Festzustellen bleibt:
- In der Kinder- und Jugendpsychiatrie und –psychotherapie gilt das Prinzip der Pflichtversorgung für die Kliniken. Das bedeutet: Jedes notfallmäßig und dringlich vorgestellte Kind aus dem zugehörigen Einzugsgebiet wird kinder- und jugendpsychiatrisch in jedem Einzelfall sofort versorgt. Je nach Befund wird dieses Kind entweder zur Krisenintervention oder auch längeren Behandlung direkt stationär aufgenommen. In anderen Fällen erfolgt dieses erst nach einer Wartezeit, diese fällt regional sehr unterschiedlich aus und liegt i.d.R. zwischen zwei und vier Monaten.
- Betrachtet man die verfügbaren Daten der DGKJP über stationäre Notaufnahmen, sprechen diese dafür, dass manchenorts eher eine größere Zurückhaltung vor stationären Behandlungen zu verzeichnen ist, und keine generelle Zunahme an Notfällen.

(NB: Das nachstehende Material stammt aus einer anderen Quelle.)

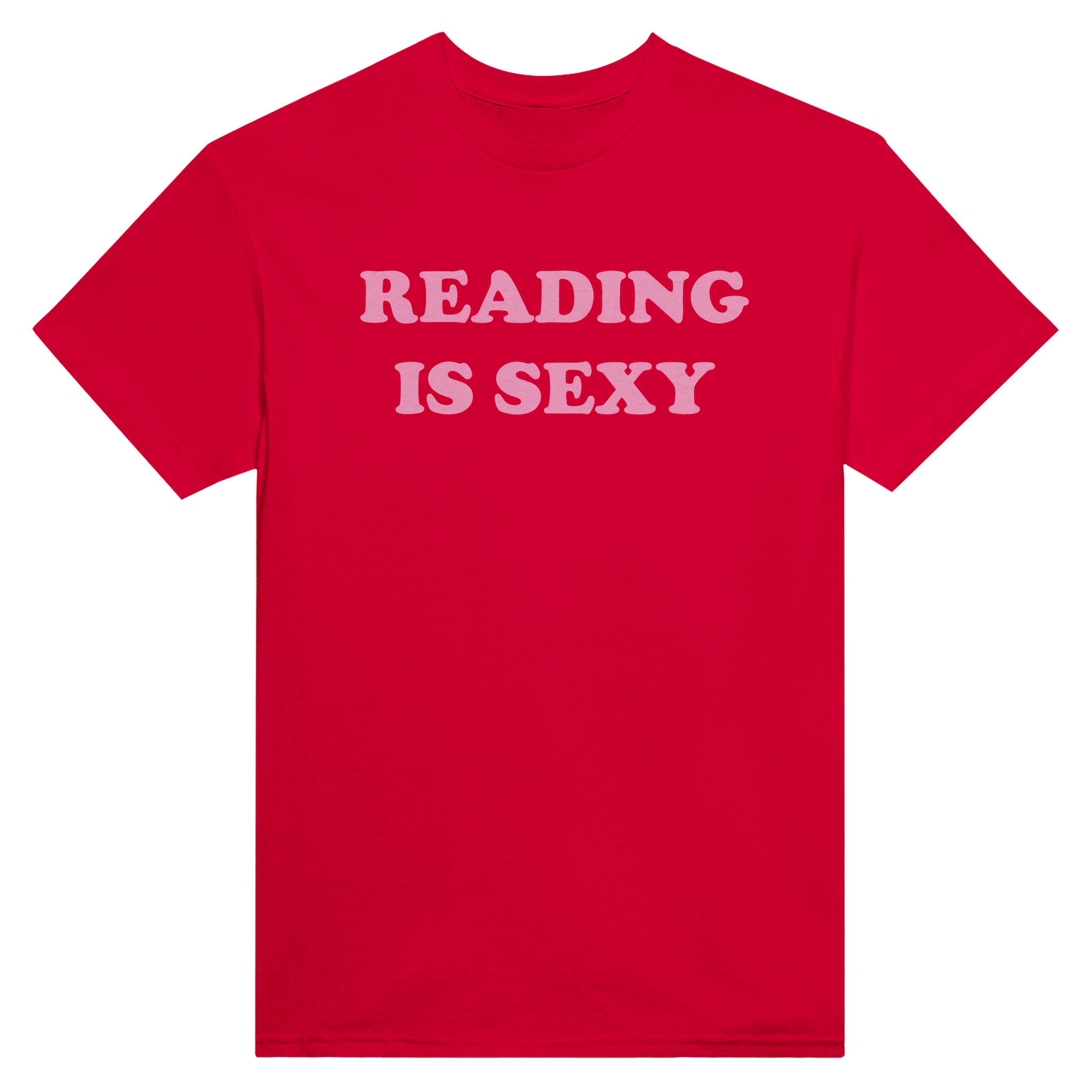 Reading is sexy – morsom t-skjorte fra Køddeklær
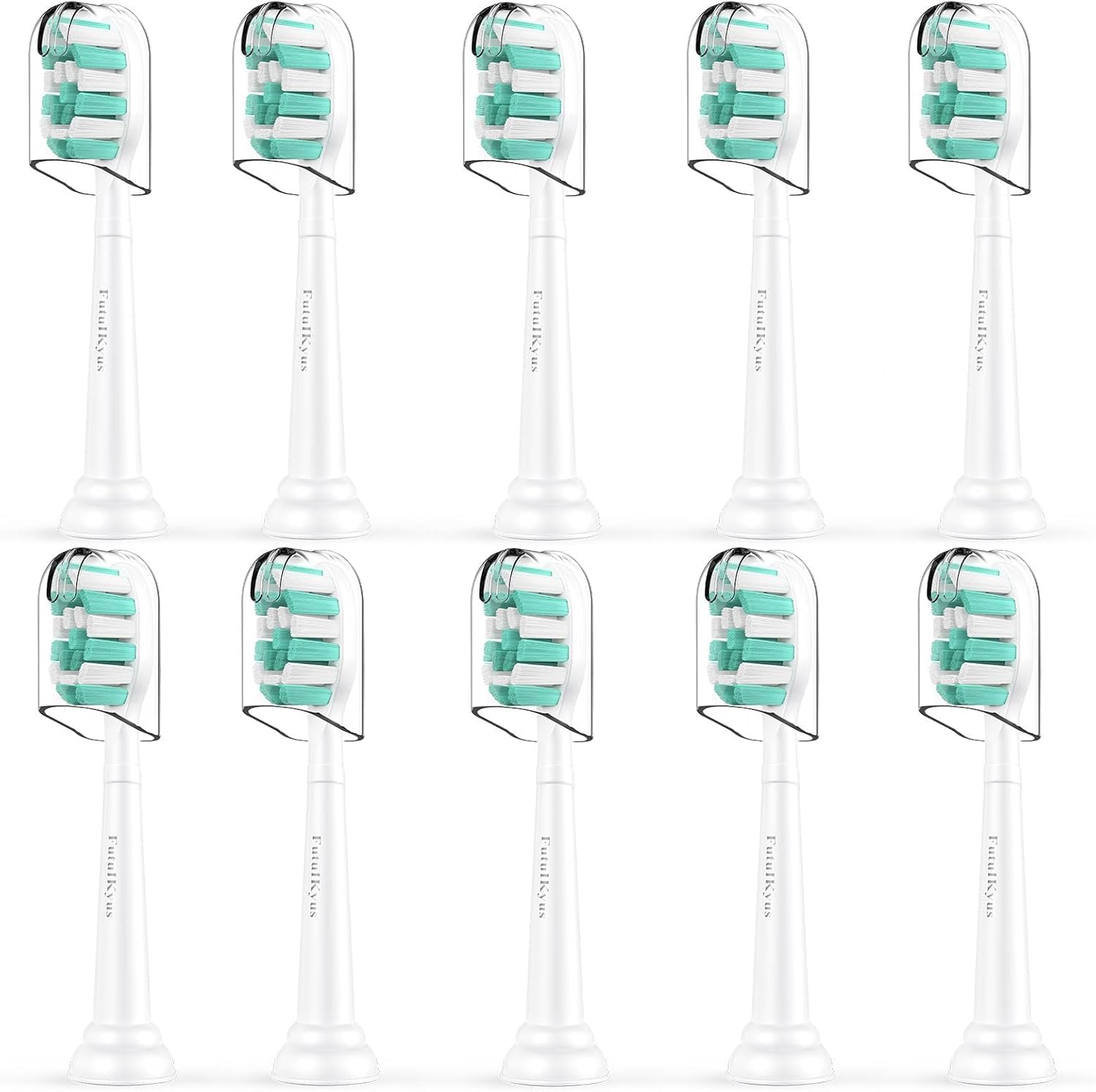 Toothbrush Replacement Heads for Philips Sonicare C1 C2 ProtectiveClean 4100 5100 Electric Toothbrush Head 1 2 Series Plaque Control Snap-on, 10 Pack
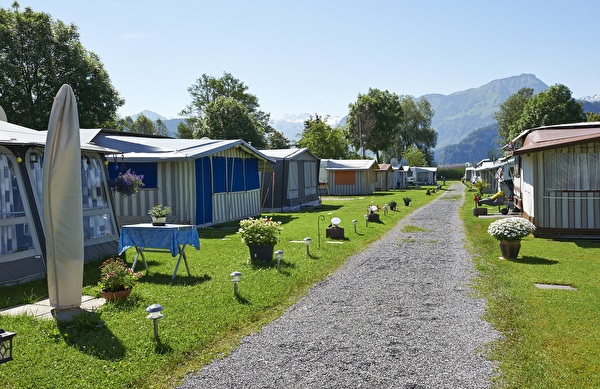 Der TCS-Campingplatz in Horw.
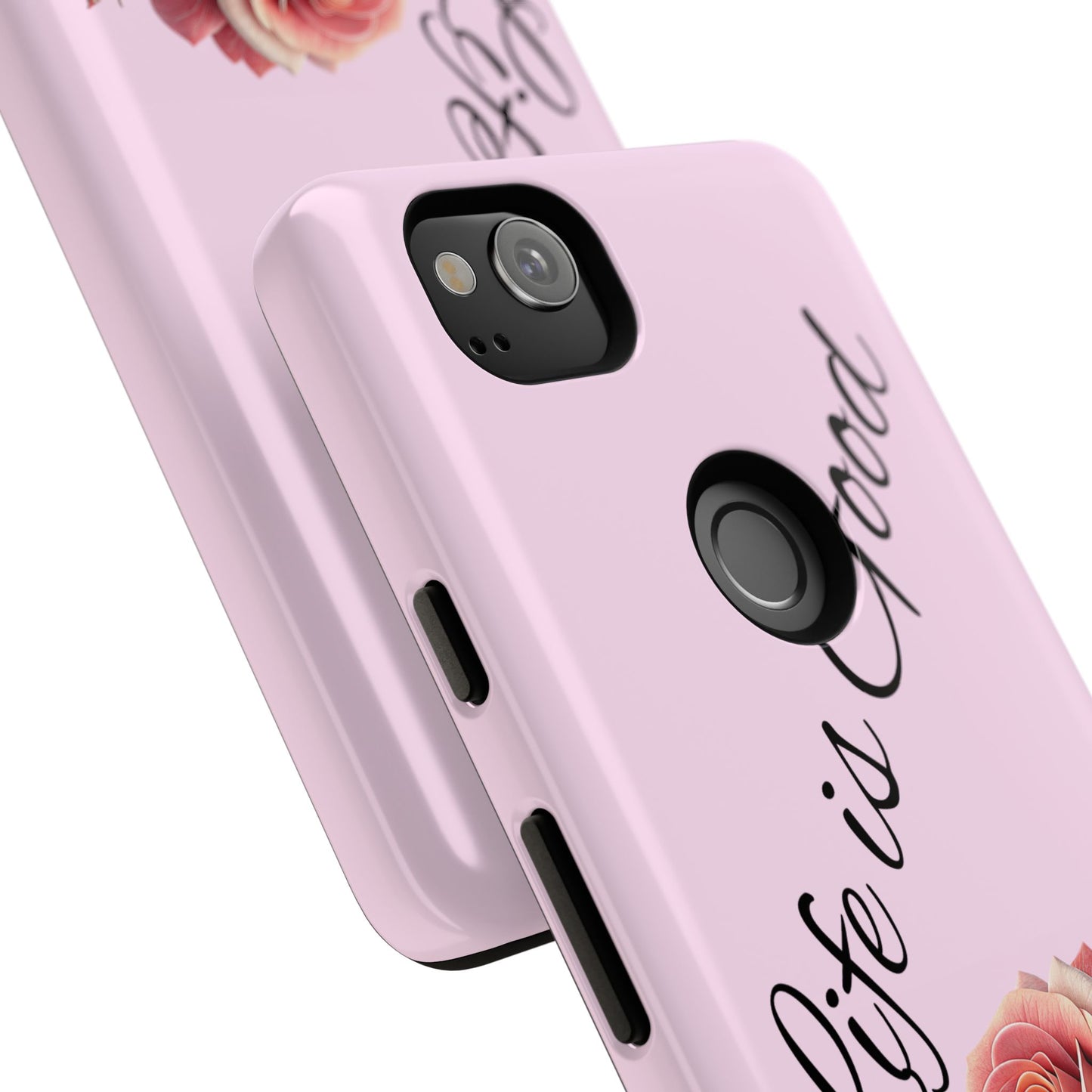 Roses & Positivity Phone Case - Floral Design, Life is Good, Tough Cases for Everyday Wear, Gift for Friends, Mother's Day, Spring [...]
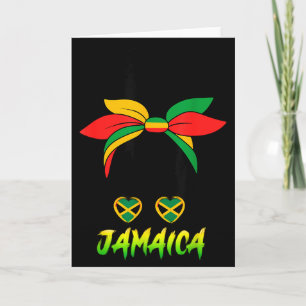 Tarjeta Chica Jamaicana Bandera De Jamaica Orgullo Mujer N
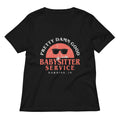 Pretty Damn Good Babysitter Service Women's V-Neck Tee product image 1
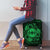 Personalized Flintshire Sir y Fflint Luggage Cover Green Four Choughs Celtic-inspired - Wonder Print Shop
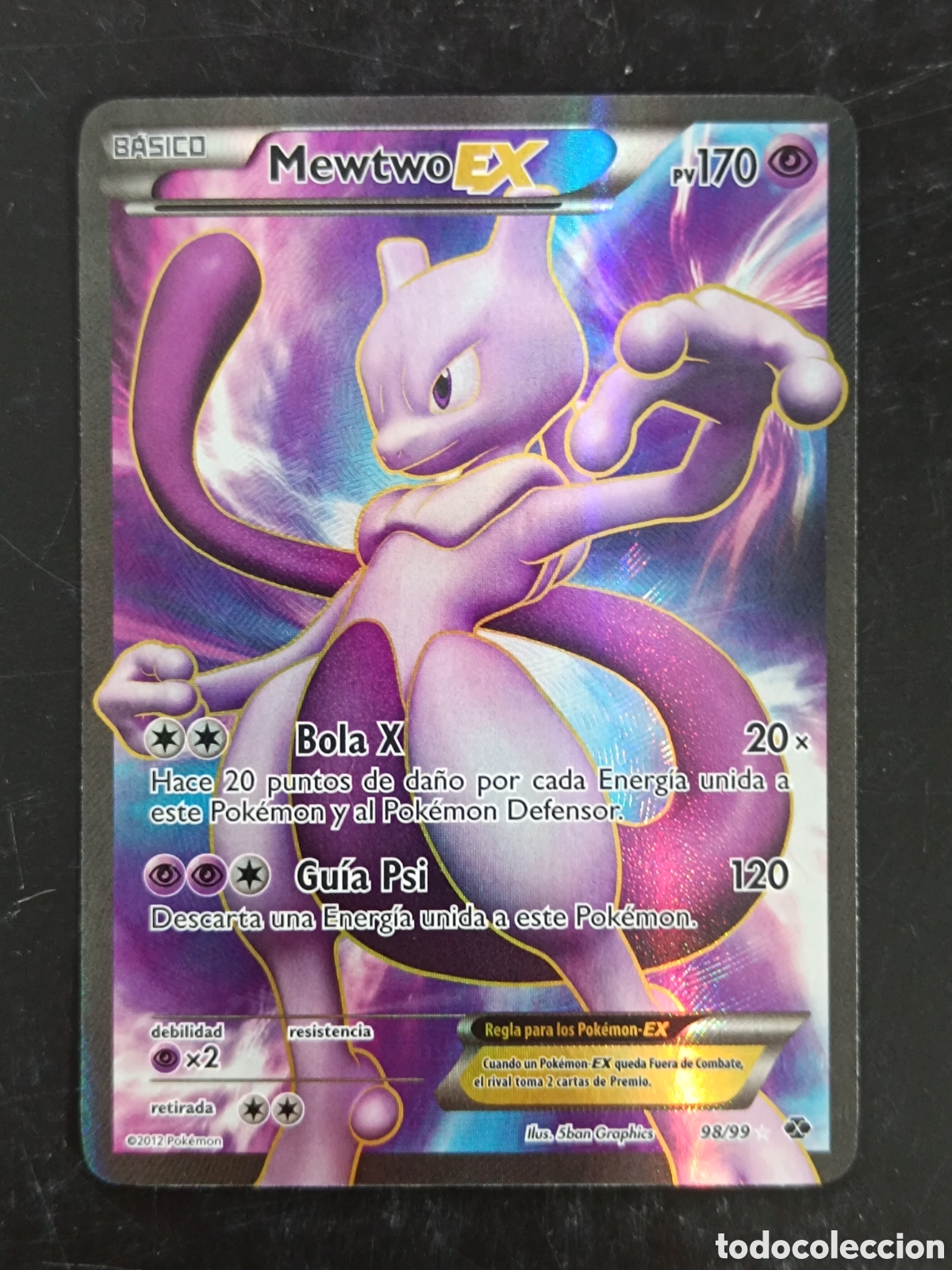 Trading cards: Pokemon Mewtwo FA 98/99 B&W Pr&oacute;ximos Destinos En Castellano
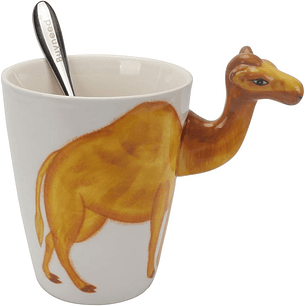 Tazas Bonitas De Animal Pintada A Mano, De Cerámica 400 Ml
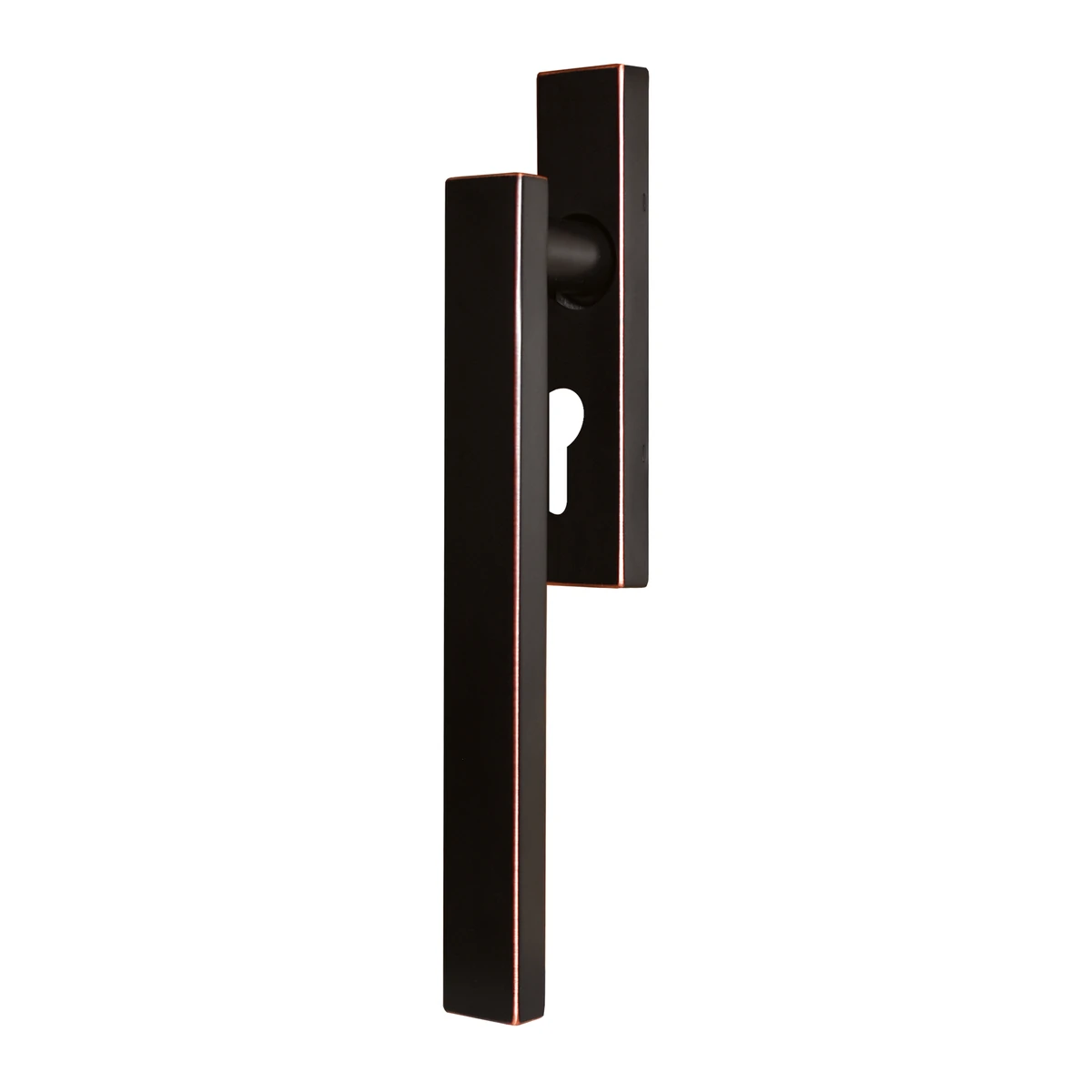 Karcher Hebeschiebetürgriff "Milano" - Oberfläche: Antik Bronzeoptik, Ausführung: Einzelmuschel Profilzylinder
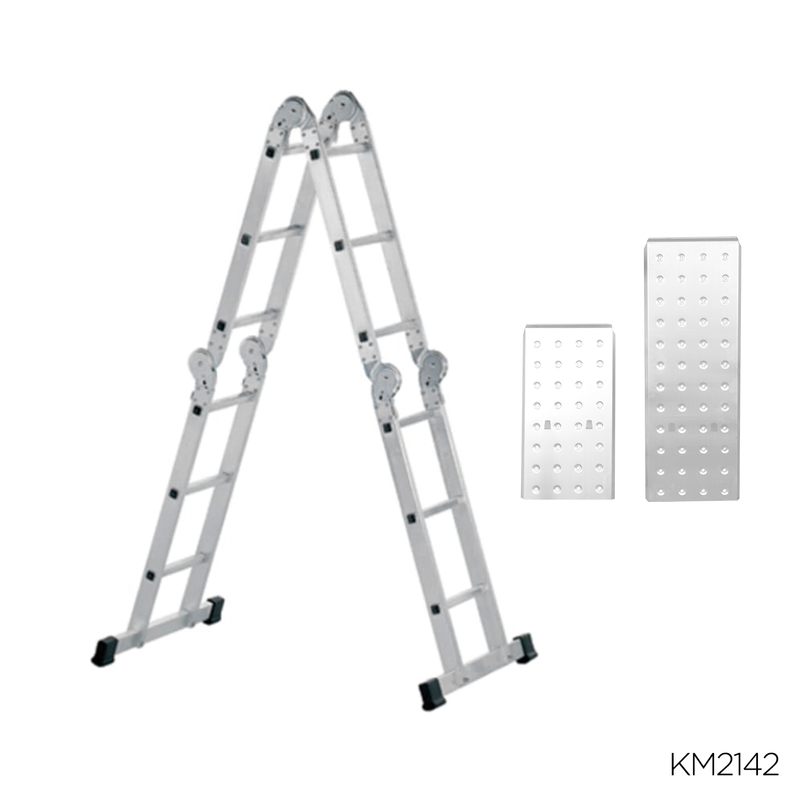ESCALERA COMBINADA DE ALUMINIO C/PLATAFORMA ANDAMIO KAMASA
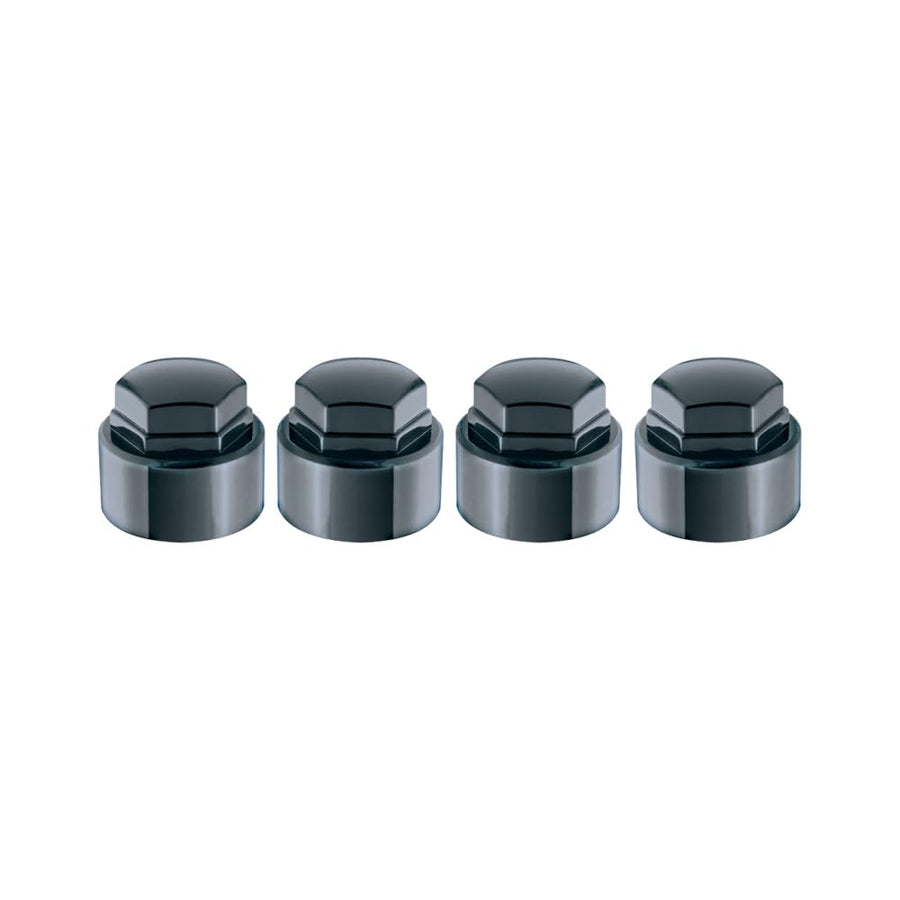 Black Nylon McGard Lug Caps - Pack of 4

- Studien zur Entwicklung der Häufigkeit von kinder- und jugendpsychiatrischen Störungen unter Pandemiebedingungen, die auf umfassender Diagnostik basieren, sind auf dem Weg.
- Es gilt das Prinzip „ambulant vor stationär“ – die ganz große Mehrheit der Kinder bleibt zur Behandlung zu Hause.
- Die Quote unbehandelter Kinder mit manifesten psychischen Störungen ist in den letzten Jahren gesunken und im Rahmen der aktuellen Pandemie nicht angestiegen; die Versorgungsaufgaben der Kliniken wurden und werden wahrgenommen. Wir müssen dafür sorgen, dass das so bleibt.
- Im Rahmen einer kinder- und jugendpsychiatrischen Behandlung wird bei entsprechender Notwendigkeit auch die Zusammenarbeit mit anderen Unterstützungssystemen koordiniert, etwa wenn auf beengtem Wohnraum ohne Schule „die Nerven blank liegen“.
- Krisenmanagement ist kinder- und jugendpsychiatrischer Alltag: rund um die Uhr und an sieben Tagen in der Woche. Inner- und außerhalb der Pandemie.
Alle kinder- und jugendpsychiatrischen Kliniken haben während der Pandemie durchweg alle Kinder und Jugendlichen, die eine akute Krise erlebt und schnelle Hilfe benötigt haben, selbstverständlich zu jeder Zeit versorgt. Wir haben uns an Masken in der Psychotherapie gewöhnt und an Online-Kontakte mit Patient*innen und Familien, so dass mehr Patient*innen erreicht werden können. Unser Fach trägt aktuell und auch zukünftig mit diversen Beratungsangeboten dazu bei, Kindern und Jugendlichen durch die psychisch belastende Pandemiezeit zu helfen. Skandalisierungen, wie von dpa verbreitet und in Artikeln in Süddeutscher, ZEIT und vielen anderen online-Journalen wiedergegeben, sind nicht sachlich und helfen niemandem. Und nicht zuletzt: Schulöffnungen alleine werden leider kinder- und jugendpsychiatrische Störungen nicht beheben.